**REQUIREMENT:**
Nothing but the lines from the one containing "Its Figure Friday, im" through the one containing "#hwo #figurefriday", both included, should be given again, each exactly as written below.

**THE INPUT:**

**********

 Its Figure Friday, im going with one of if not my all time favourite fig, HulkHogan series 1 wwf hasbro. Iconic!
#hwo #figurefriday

**********

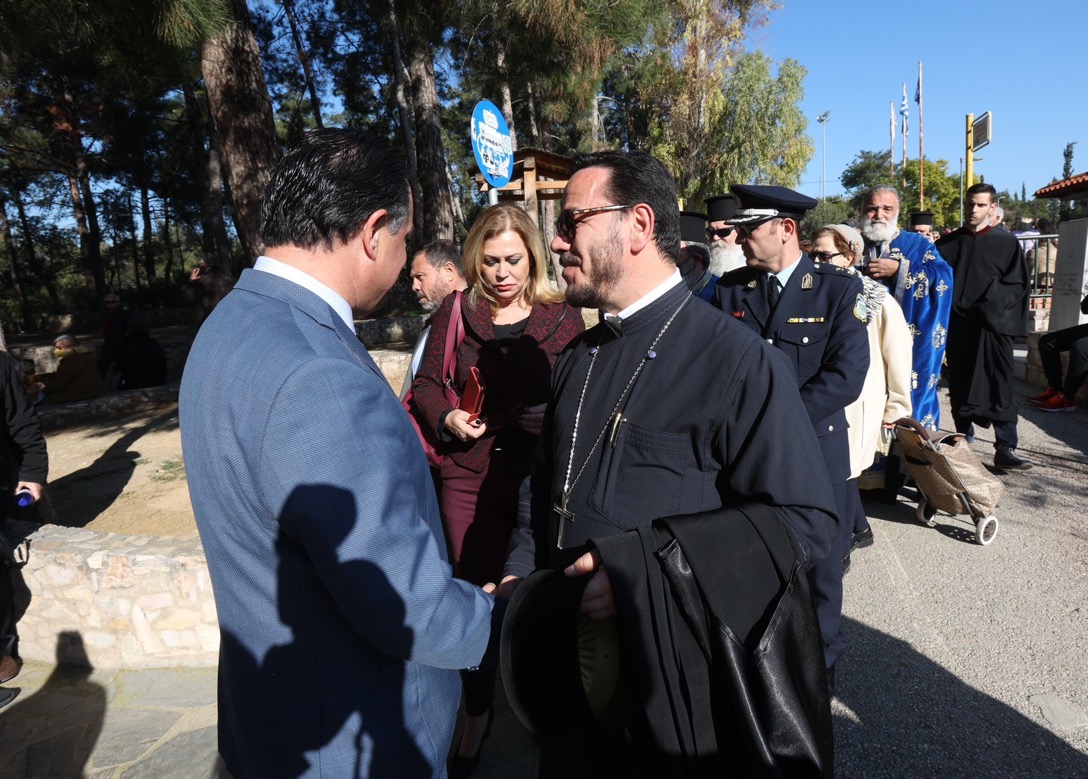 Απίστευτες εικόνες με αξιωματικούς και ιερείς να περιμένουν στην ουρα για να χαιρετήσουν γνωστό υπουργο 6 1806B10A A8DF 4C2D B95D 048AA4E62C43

**********

**SOLUTION TO THIS EXERCISE:**
 Its Figure Friday, im going with one of if not my all time favourite fig, HulkHogan series 1 wwf hasbro. Iconic!
#hwo #figurefriday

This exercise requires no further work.